## Activity:
With the line containing "CasioMTP-V005L-1B4UDFCasio MTP-V005L-1B4UDF Erkek" as the start and the line containing "Carnaby 13L Cotton Tote Bag" as the end, transcribe that span of the entries below exactly, including both.
=== Records shown ===
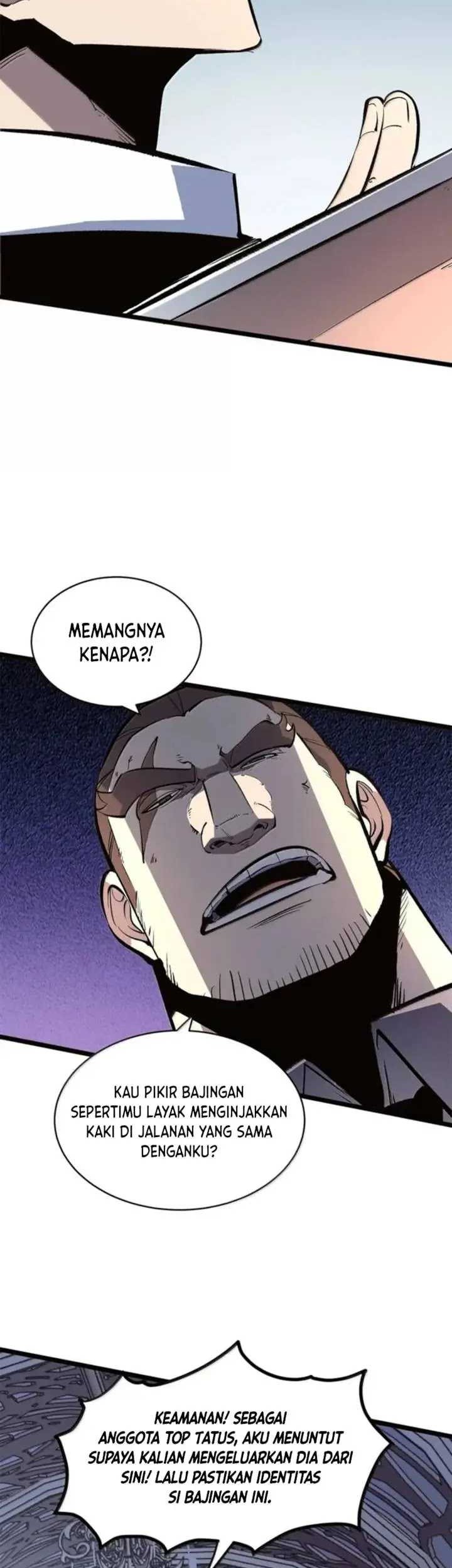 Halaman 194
===
=== Records shown ===
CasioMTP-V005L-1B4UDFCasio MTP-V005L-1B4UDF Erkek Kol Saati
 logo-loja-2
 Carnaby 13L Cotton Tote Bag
===
## Solution to this exercise:
CasioMTP-V005L-1B4UDFCasio MTP-V005L-1B4UDF Erkek Kol Saati
 logo-loja-2
 Carnaby 13L Cotton Tote Bag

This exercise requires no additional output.